I could ramble on about her half-philosophically, but here Im going to quickly list five Taylor songs and illustrate, through them, five points that make her music so appealing to me:
‘Story of us’: Taylor seems to say that it’s okay to be a little heartbroken when things don’t work out the way you expected. She gives voice to the nagging pettiness and worries that eat away at a person at the close of a relationship and I, for one, find the words ‘This is looking like a contest/Of who can act like they care less’ much closer to reality than beautiful words about wanting to find ‘someone’ like one’s ex.

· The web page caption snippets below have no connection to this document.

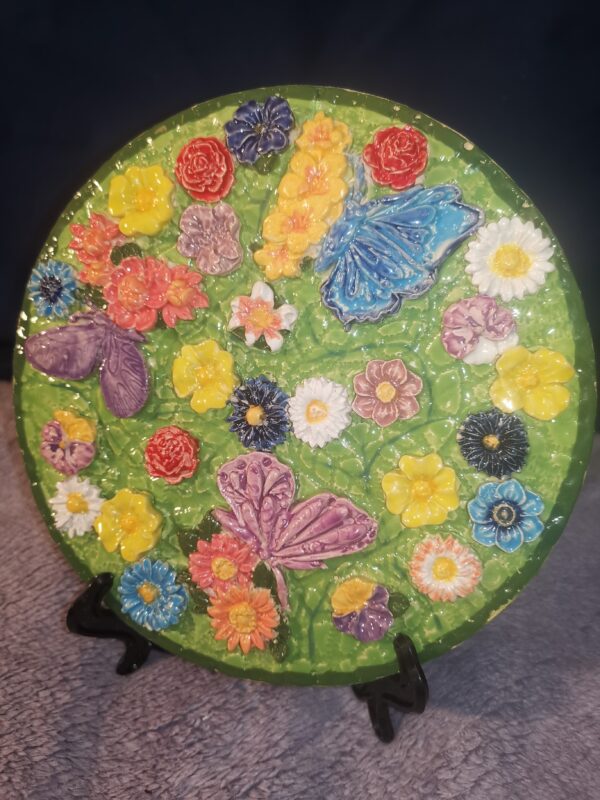 Ceramic butterflies and daisieswild sculptural flowers panel,  handmade,  Still life, color therapy. - Image 2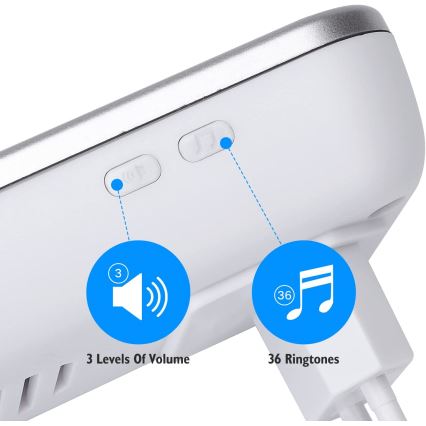 Aigostar - SET 2x Campanello con presa wireless 230V IP44 argento
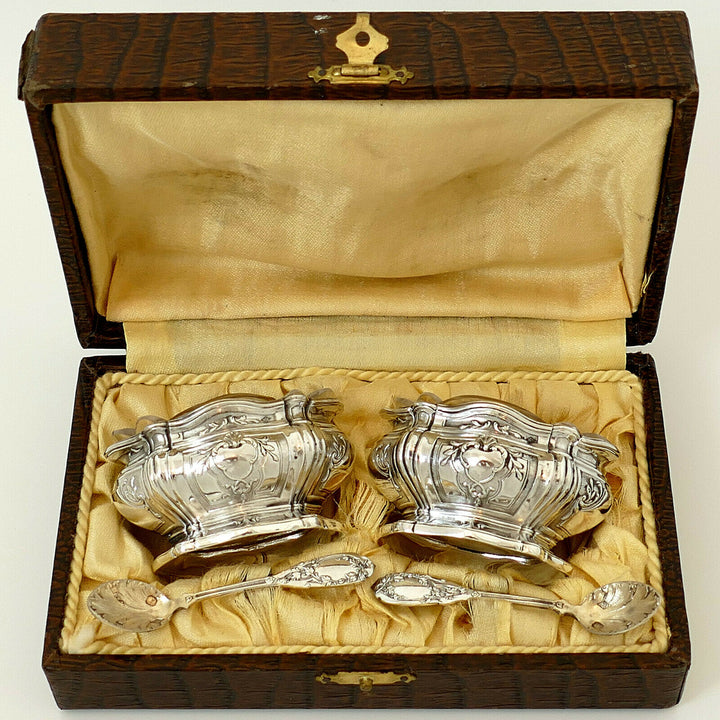 Puiforcat French Sterling Silver Salt Cellars Pair, Spoons, Box,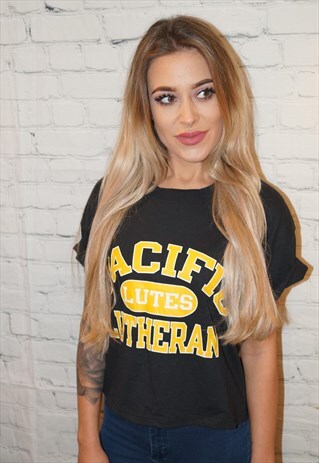 VINTAGE REMADE FESTIVAL BLACK SPORTS CROPPED TSHIRT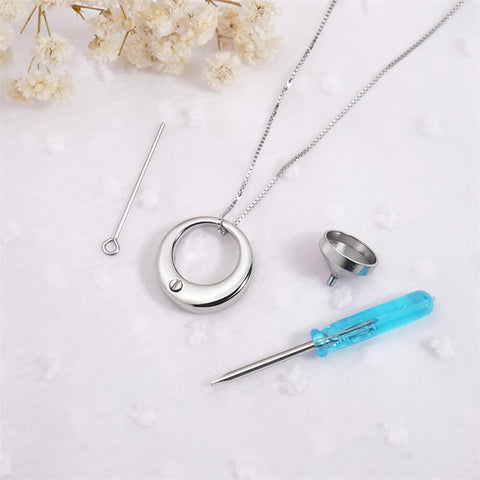 Sterling Silver Circle of Life Eternity Memorial Urn Necklace Always with me Cremation Jewelry Pendant Necklaces for ashes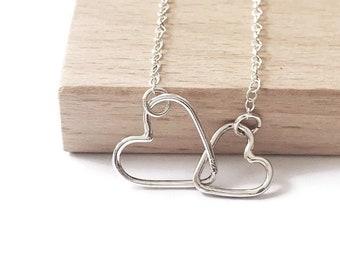 Interlocking Heart Necklace, Interlink Necklace, Sterling Silver Heart Necklace, Interlocked Hearts, Two Heart Necklace, Family Necklace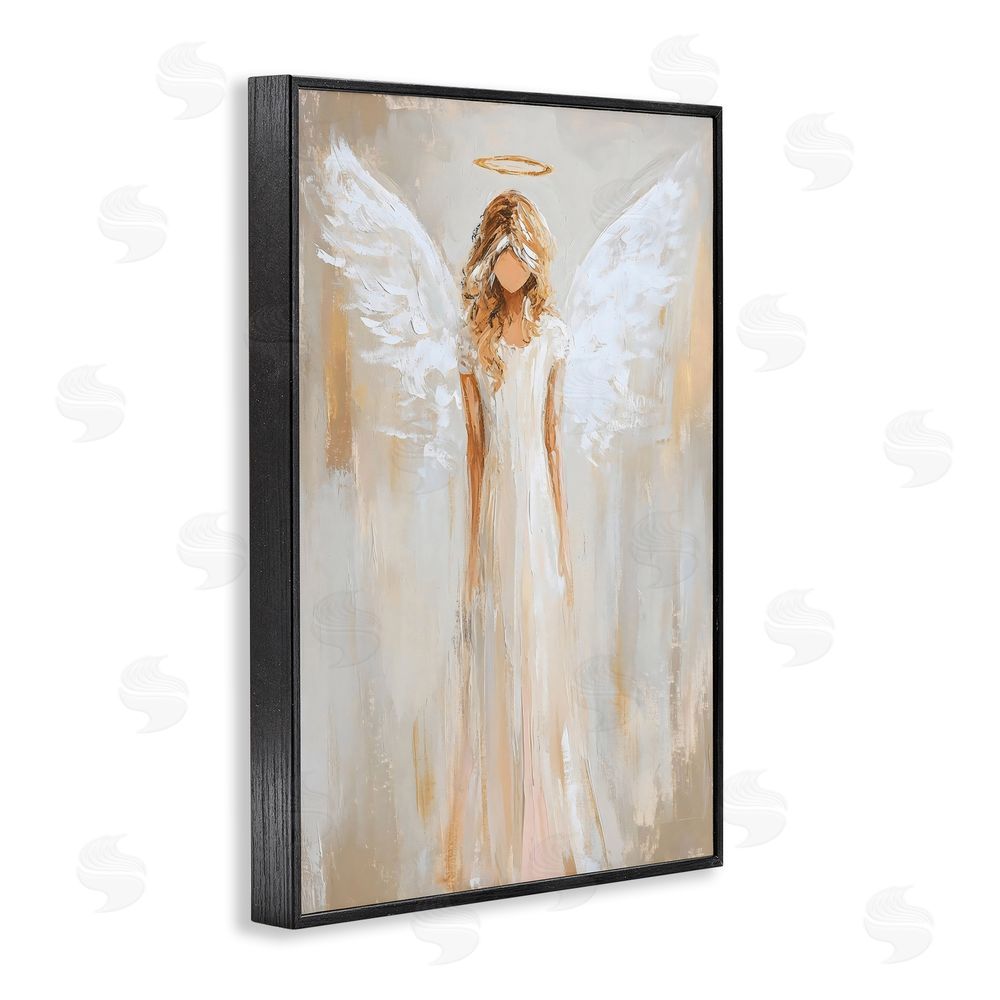 Petal Prints Design Divine White Robe Angel Black Framed Giclee Print Wall Art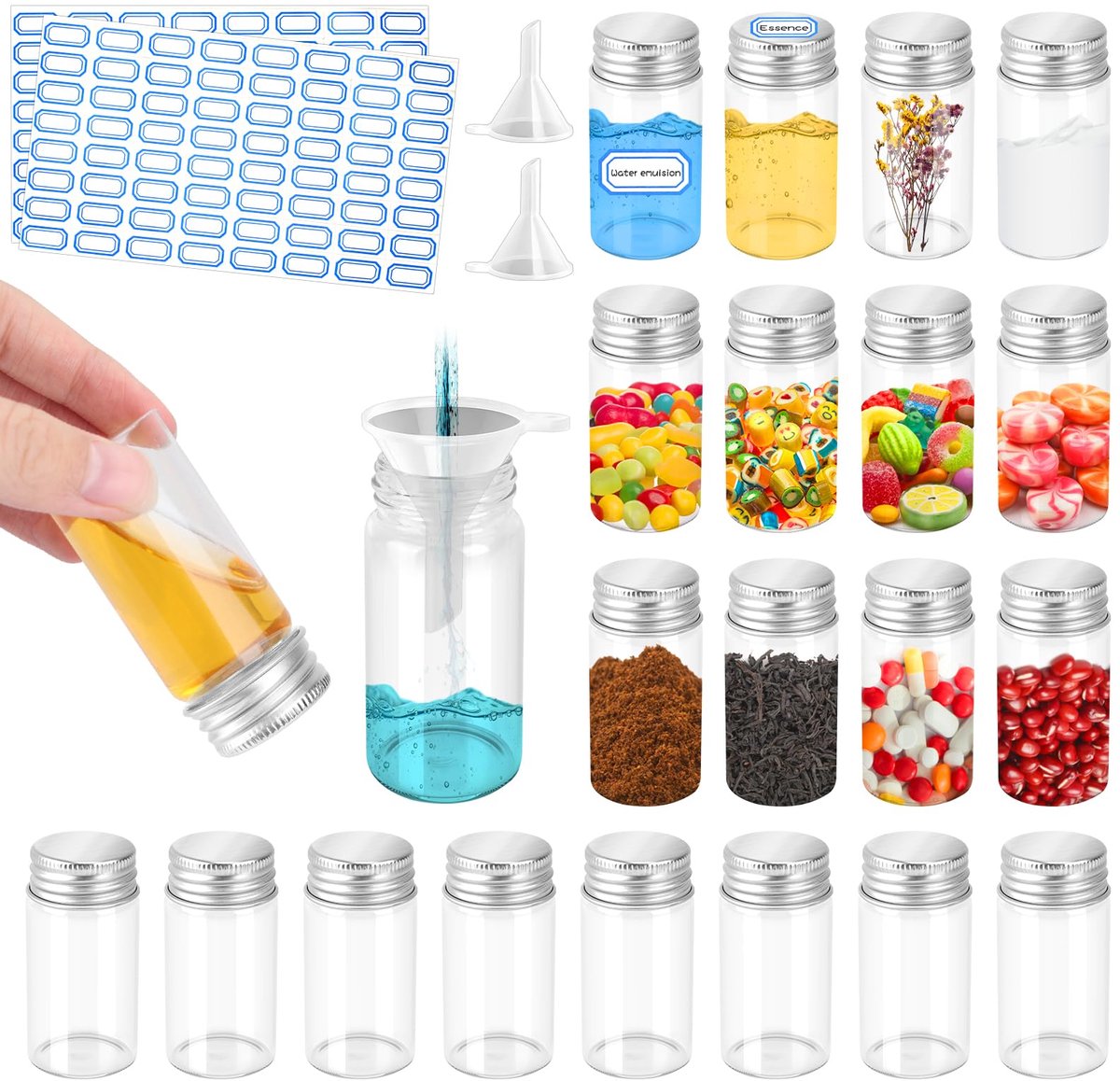 SnelShoppen - ANZOAT 20 ml plastic fles met schroefdop - 30 stuks kleine flesjes - perfect voor cosmetische monsters, samples, reisbenodigdheden, hobb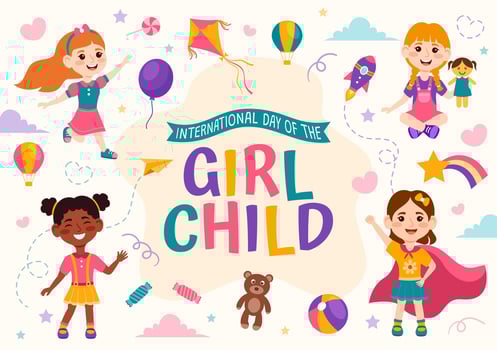 International Day of the Girl Child Vector Illustration with Little Girls for Awareness and Human Rights in Flat Kids Cartoon Background Templates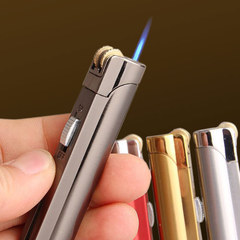 Mini Long Blade Windproof Direct Strike Gas Grinding Wheel Lighter Creative Personality Unisex Ultra-Thin Lighter with Logo Engraving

‘Red’: You can laugh at the strange comparisons in this song (‘Forgetting him was like trying to know somebody you’ve never met’?) but there’s something so heartfelt about every single one that I found myself strangely moved and agreeing with her on the choice of words. Taylor manages to do that, more often than you might think. She takes the weirdest of words and jams them together and has them make sense and sound right in a manner that few other people do.
‘All too well’: This is, to me, the most realistic break-up song ever. It talks about navigating the morass of emotion evoked when confronted by an ex, the what-ifs that tangle with memories both pleasant and unpleasant. That one line, ‘You call me up again just to break me like a promise/So casually cruel in the name of being honest’—I thought it was sheer poetry, even before Taylor commented that it was one of those she is proud of. The song winds through a series of emotions, confused and elated and wistful and angry all at the same time, and it astounds me again and again that she is able to pack all that into four minutes of music.
‘We are never, ever, ever getting back together’: This song illustrates the fun side of Taylor. Have you SEEN the video? It never fails to cheer me up. It is so ludicrously over the top that you can’t help but laugh along with her. The song seems to say, as many Taylor songs do, that shit happens but you know what? We’re just going to cut our losses and move the hell on.
And dance while we do it.
Also, confession. The lyric that makes me crack up is ‘While you hide away and find your peace of mind/With some indie record that’s MUCH cooler than mine’. Too close for comfort.
‘Begin Again’: This is wistful Taylor, a Taylor who pops up in ‘Cold as You’, ‘White Horse’, ‘You’re not Sorry’—all slightly sad songs that nonetheless end on a note of hope. I love how her music, despite describeing unhappy scenarios, never descends to pure caterwauling or pleading to be taken back. It’s always a sort of wistful ‘I’m sad this didn’t work out’ vibe that plays through them, and they never descend to self-hate or self-doubt.
I think that, in effect, is what I love about Taylor. She dramatizes the emotional whirl storm that is a part of growing up and trusting people, but she never lets the bad encounters color her, or your, perception of life. She ‘can’t stop, won’t stop moving’, and will keep shaking herself off and going on. And she does it with such a delicious sense of self-parody, like in ’22’.
I don’t know about you, but I think that’s pretty damn inspirational.